What to do » Only the lines from the top of the data through the line with "May include: A" should be repeated, each exactly as written.
(Beginning of Records provided)
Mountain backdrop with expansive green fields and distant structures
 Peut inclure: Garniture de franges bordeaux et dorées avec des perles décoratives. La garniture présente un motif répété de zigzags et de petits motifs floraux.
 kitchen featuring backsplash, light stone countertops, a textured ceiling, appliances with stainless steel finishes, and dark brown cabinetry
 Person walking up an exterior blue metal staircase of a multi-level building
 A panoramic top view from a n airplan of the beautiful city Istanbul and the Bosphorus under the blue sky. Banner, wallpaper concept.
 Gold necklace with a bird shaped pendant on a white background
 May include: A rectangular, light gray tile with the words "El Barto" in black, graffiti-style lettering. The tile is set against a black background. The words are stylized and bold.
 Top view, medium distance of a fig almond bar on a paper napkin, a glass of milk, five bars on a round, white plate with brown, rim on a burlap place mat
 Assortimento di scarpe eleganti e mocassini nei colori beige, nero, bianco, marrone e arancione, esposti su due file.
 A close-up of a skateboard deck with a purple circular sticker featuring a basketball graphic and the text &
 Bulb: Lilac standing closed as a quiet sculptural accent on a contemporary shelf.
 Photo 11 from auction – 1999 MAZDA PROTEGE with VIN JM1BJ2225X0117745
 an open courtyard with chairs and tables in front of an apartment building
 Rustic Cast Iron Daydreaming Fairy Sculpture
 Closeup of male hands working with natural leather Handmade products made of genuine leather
(End of Records provided)
Written solution »
Mountain backdrop with expansive green fields and distant structures
 Peut inclure: Garniture de franges bordeaux et dorées avec des perles décoratives. La garniture présente un motif répété de zigzags et de petits motifs floraux.
 kitchen featuring backsplash, light stone countertops, a textured ceiling, appliances with stainless steel finishes, and dark brown cabinetry
 Person walking up an exterior blue metal staircase of a multi-level building
 A panoramic top view from a n airplan of the beautiful city Istanbul and the Bosphorus under the blue sky. Banner, wallpaper concept.
 Gold necklace with a bird shaped pendant on a white background
 May include: A rectangular, light gray tile with the words "El Barto" in black, graffiti-style lettering. The tile is set against a black background. The words are stylized and bold.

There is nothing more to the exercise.